Along with WeChat Pay, Alipay leads the mobile payments market in China. Due to a combination of increasing smartphone performance and a lack of pre-existing credit card infrastructure, their owners Tencent and Ant Financial have become the go-to services for financial transactions. 38% in China use Alipay, and a third of internet users there pay with WeChat. With our ability to track cross-platform usage, we know that there is a lot of overlap between the two groups. 83% of Alipay users have paid on WeChat in the last month, and nearly all WeChat Pay users also use Alipay.

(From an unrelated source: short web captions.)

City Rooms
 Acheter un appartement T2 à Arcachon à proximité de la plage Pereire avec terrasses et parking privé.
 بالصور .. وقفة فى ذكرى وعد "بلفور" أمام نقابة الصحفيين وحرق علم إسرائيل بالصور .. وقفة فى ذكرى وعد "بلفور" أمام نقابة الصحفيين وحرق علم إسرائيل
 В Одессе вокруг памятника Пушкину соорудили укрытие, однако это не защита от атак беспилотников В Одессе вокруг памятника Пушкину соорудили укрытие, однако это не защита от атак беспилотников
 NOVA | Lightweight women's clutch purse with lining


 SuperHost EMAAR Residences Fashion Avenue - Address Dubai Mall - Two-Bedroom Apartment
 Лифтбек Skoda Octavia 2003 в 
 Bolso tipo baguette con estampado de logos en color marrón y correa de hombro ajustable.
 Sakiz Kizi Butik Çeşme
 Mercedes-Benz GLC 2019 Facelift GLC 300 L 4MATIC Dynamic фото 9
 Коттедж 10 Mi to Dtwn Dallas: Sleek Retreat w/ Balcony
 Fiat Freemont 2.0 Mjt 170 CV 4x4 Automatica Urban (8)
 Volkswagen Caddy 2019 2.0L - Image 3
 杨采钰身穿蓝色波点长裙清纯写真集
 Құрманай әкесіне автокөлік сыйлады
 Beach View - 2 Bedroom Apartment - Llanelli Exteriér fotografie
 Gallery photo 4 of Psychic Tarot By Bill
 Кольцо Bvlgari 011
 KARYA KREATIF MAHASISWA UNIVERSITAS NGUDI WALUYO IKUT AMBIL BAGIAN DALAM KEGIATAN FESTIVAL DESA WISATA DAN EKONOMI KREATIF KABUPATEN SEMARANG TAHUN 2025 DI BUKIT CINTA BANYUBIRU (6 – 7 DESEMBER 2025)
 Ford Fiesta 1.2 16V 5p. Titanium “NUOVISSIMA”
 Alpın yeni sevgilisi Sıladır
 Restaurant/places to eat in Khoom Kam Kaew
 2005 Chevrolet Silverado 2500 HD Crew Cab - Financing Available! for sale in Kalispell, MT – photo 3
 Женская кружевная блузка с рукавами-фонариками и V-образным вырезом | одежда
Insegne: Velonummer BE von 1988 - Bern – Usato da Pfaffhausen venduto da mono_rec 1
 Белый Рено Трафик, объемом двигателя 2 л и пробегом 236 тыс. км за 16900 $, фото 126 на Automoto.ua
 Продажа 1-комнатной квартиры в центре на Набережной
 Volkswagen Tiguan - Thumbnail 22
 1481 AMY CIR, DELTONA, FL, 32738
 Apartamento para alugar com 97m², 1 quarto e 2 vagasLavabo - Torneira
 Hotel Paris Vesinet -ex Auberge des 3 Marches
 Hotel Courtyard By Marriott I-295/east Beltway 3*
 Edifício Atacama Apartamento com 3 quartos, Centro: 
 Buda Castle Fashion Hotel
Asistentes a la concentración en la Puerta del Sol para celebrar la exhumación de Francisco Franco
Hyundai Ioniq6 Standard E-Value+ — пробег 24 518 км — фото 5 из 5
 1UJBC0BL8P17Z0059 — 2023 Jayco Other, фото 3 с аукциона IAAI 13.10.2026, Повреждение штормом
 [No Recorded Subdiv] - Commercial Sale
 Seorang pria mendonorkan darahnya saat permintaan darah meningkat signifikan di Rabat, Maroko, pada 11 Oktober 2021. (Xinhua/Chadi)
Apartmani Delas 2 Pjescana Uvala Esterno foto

Beyond China, both services have been able to grow across borders thanks to the travelling habits of its users. In the audience of Chinese internet users who use WeChat Pay or Alipay, 1 in 5 take vacations abroad at least once every 6 months. Harrods as an example of the rewards in this, as Chinese consumers now spend more there than any other nationality.

Ant Financial in particular have tapped into a strategy of partnering with local providers, which has taken Alipay to 110 countries, and even as far as the Arctic Circle. There is a large market of high-spending Chinese tourists, and allowing them to pay through their native payments services could be the key to unlocking revenues from them.